Sustainable gardening is based on ecological principles. When we consider the home garden as an ecosystem, we develop the habit of observing patterns in nature and then look for similar patterns in gardens. Mature organic gardens, like natural systems are complex and rich. One of the goals of sustainable gardening is catching and holding resources.

Always start with the soil— enhance and maintain soil fertility by adding organic matter, so the existing soil microbes can thrive and flourish. Even a degraded site can develop a balanced ecosystem over time as the organic matter decomposes and forms humus. When the microbes of the soil web die, their decayed bodies act as slow-release fertilizer for garden plants. Focus on fertility includes compost, planting nitrogen fixers and other cover crops, adding manure, and growing plants that produce mulch.

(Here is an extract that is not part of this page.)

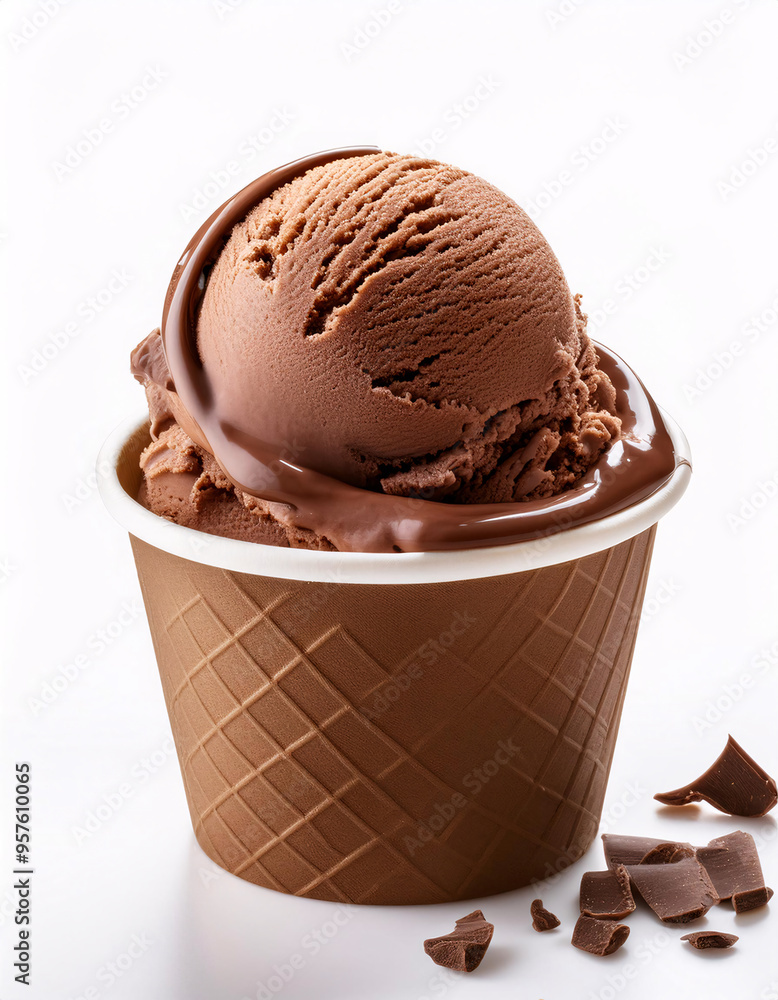 A scoop of rich, chocolate ice cream sits in a brown paper cup, drizzled with a chocolate sauce and surrounded by coffee beans A scoop of rich, chocolate ice cream sits in a brown paper cup, drizzled with a chocolate sauce and surrounded by coffee beans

We create more resilient gardens when we make connections with all of nature. Select plants that provide habitat for native insects, birds, and animals that can function together in a food web, as part of the home garden ecosystem. Layered gardens include trees shrubs and herbaceous plants that invite more beneficial visitors. The food web becomes more involved as rodents, snakes, and predatory birds engage.

When we design by grouping plants with similar environmental needs together there is less maintenance. Port Townsend’s mild wet winters and mostly dry summers are known as a Mediterranean climate. Native plants and plants from similar climates around the world, including Australia and New Zealand, offer many drought tolerant choices. Woody plants with edible fruits can be planted with an understory of perennial and annual herbs and edible flowers. Remember that perennials and annuals are more work than woody plants, so make sure they serve many functions!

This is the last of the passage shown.